> **Source records**
* * * *

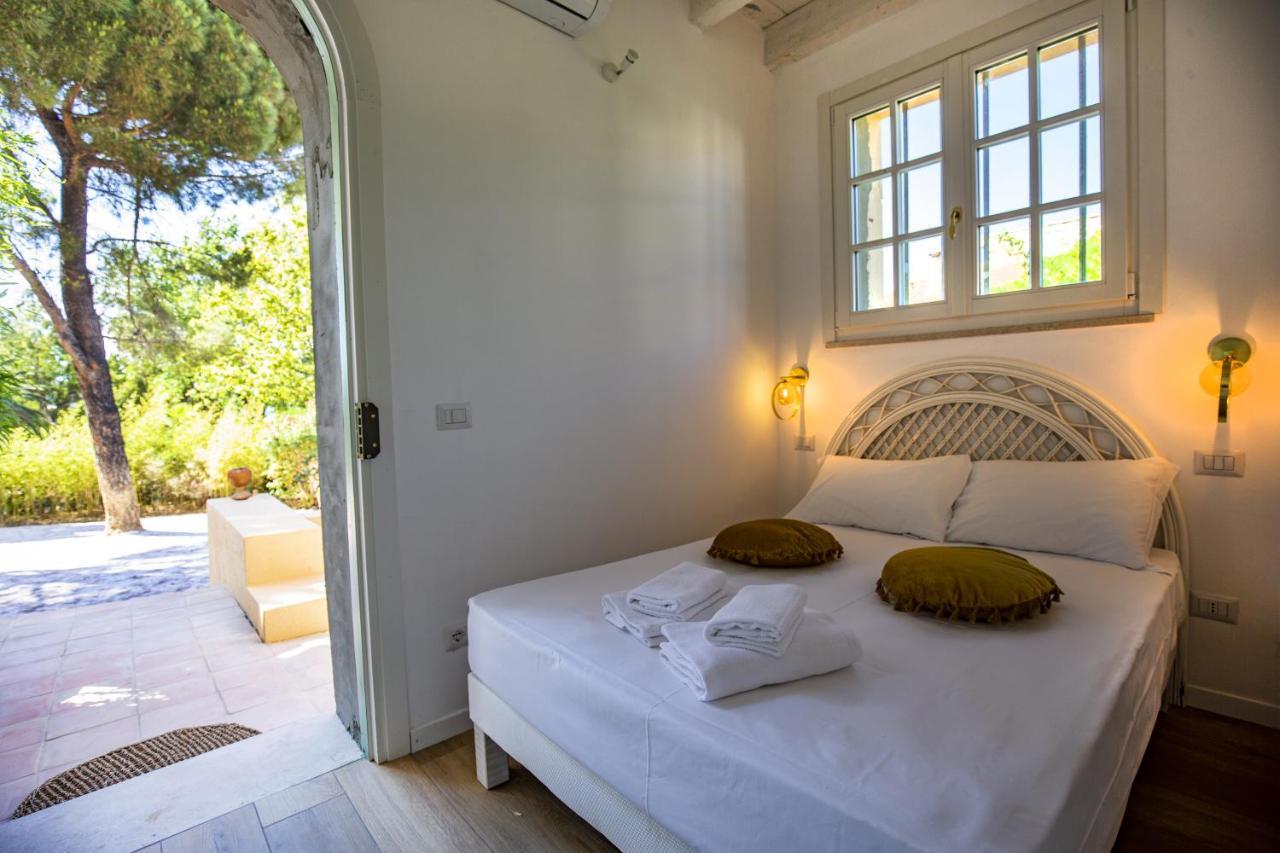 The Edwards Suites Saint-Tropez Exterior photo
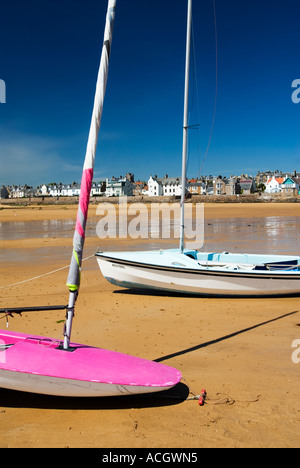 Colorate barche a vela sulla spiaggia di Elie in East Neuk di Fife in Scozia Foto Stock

* * * *

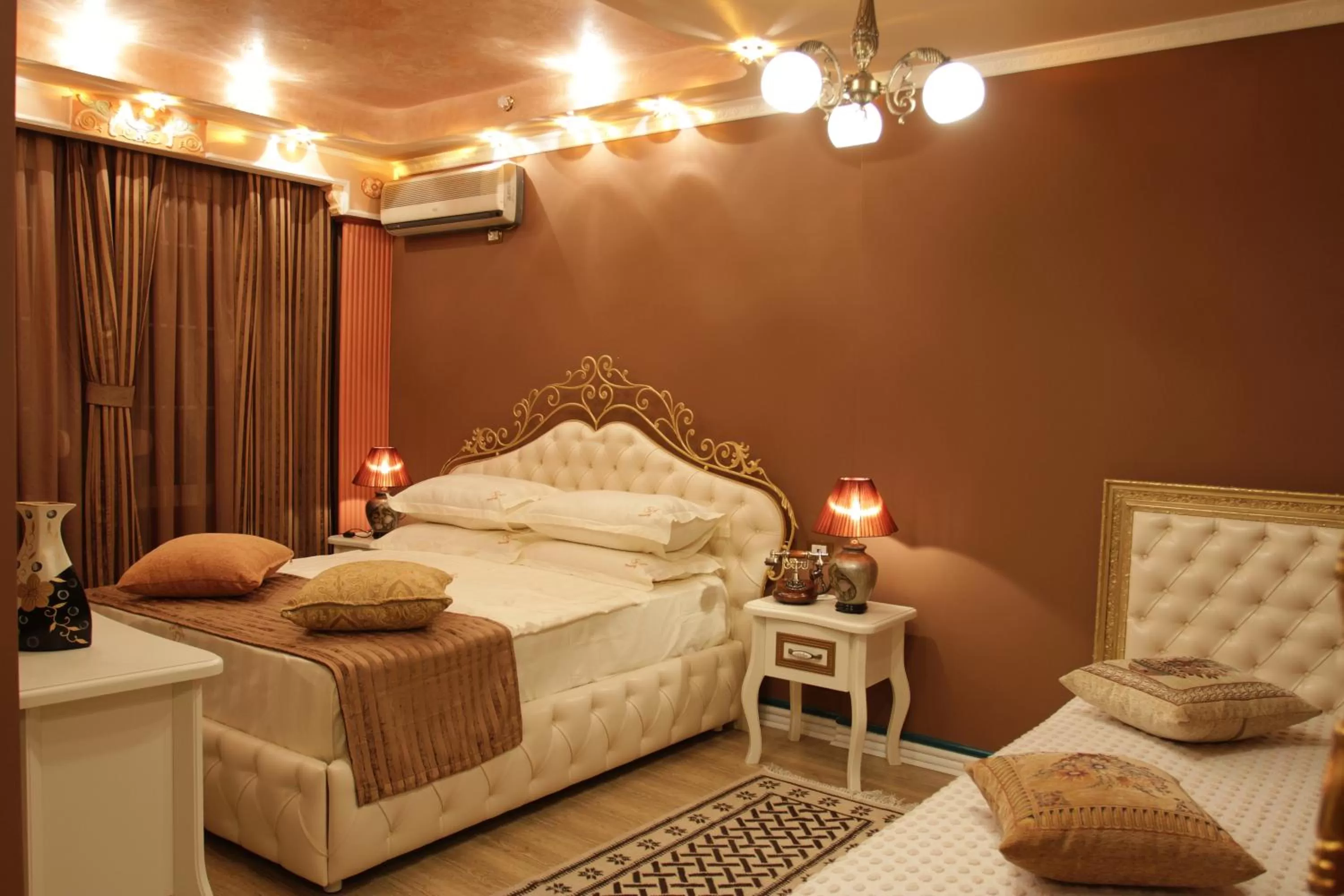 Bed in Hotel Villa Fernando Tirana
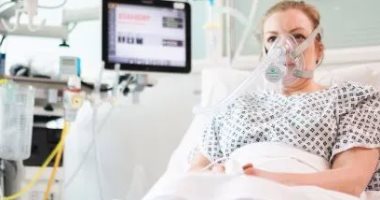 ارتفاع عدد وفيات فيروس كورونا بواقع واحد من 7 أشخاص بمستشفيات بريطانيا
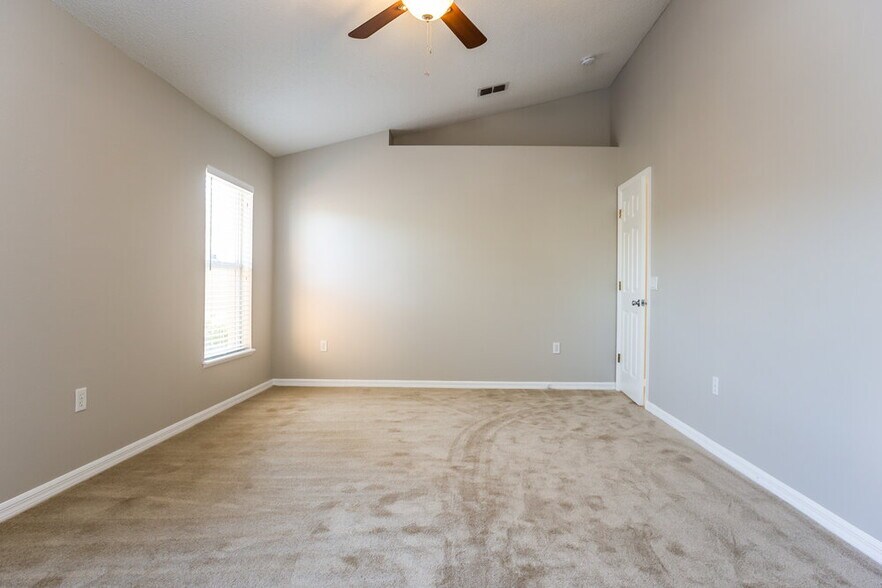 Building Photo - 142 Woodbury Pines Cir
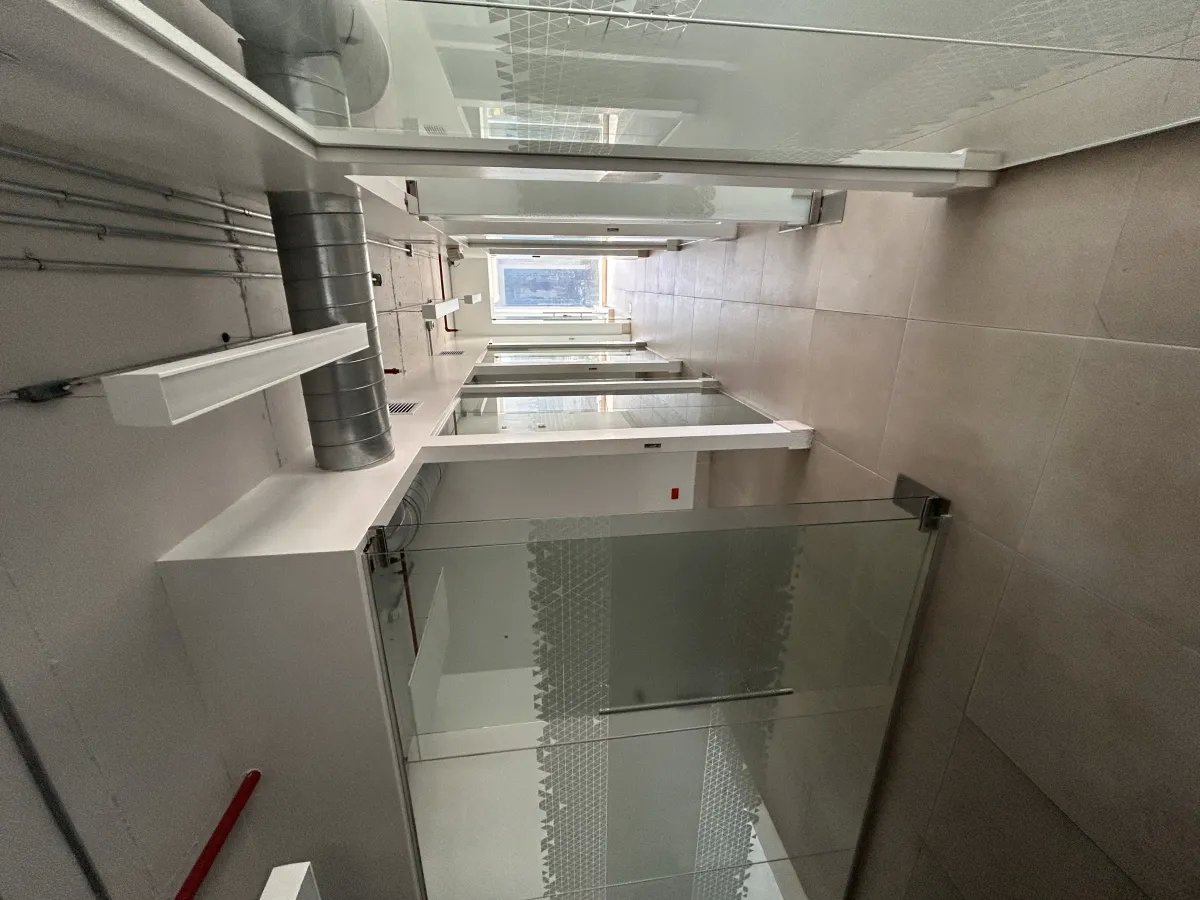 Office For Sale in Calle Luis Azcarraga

* * * *

Retype the lines above exactly as they appear, from the line containing "Bed in Hotel Villa Fernando Tirana" through the line containing "Office For Sale in Calle Luis Azcarraga", and leave out any pictures.

 Bed in Hotel Villa Fernando Tirana
 ارتفاع عدد وفيات فيروس كورونا بواقع واحد من 7 أشخاص بمستشفيات بريطانيا
 Building Photo - 142 Woodbury Pines Cir
 Office For Sale in Calle Luis Azcarraga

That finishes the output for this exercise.